[Input data]
============

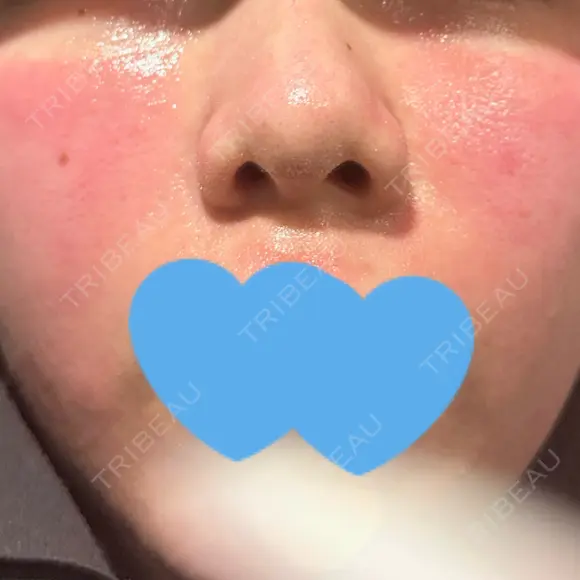 ポテンツァ ARTE BEAUTY CLINIC DAY 0 メイン用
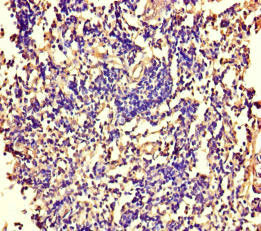 Immunohistochemistry of paraffin-embedded human tonsil tissue using ARAF Antibody at dilution of 1:100Rabbit anti-Human ARAF Polyclonal Antibody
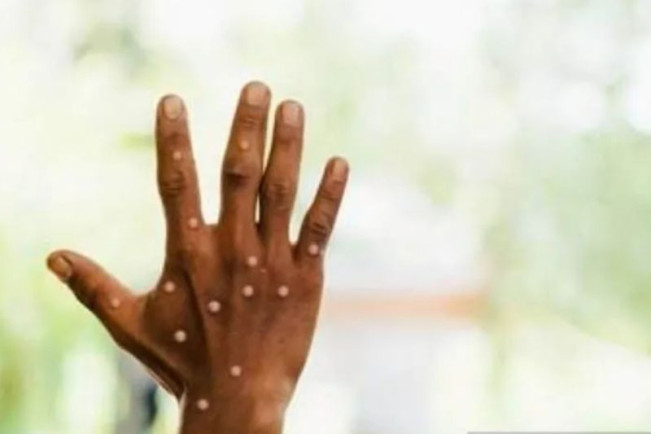 Total Mpox 27 Kasus, Tersebar di Jakarta, Tangsel dan Bandung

============

[How to complete this task]
An exact, word-for-word version of the material is required, free of pictures.

[Response]
 ポテンツァ ARTE BEAUTY CLINIC DAY 0 メイン用
 Immunohistochemistry of paraffin-embedded human tonsil tissue using ARAF Antibody at dilution of 1:100Rabbit anti-Human ARAF Polyclonal Antibody
 Total Mpox 27 Kasus, Tersebar di Jakarta, Tangsel dan Bandung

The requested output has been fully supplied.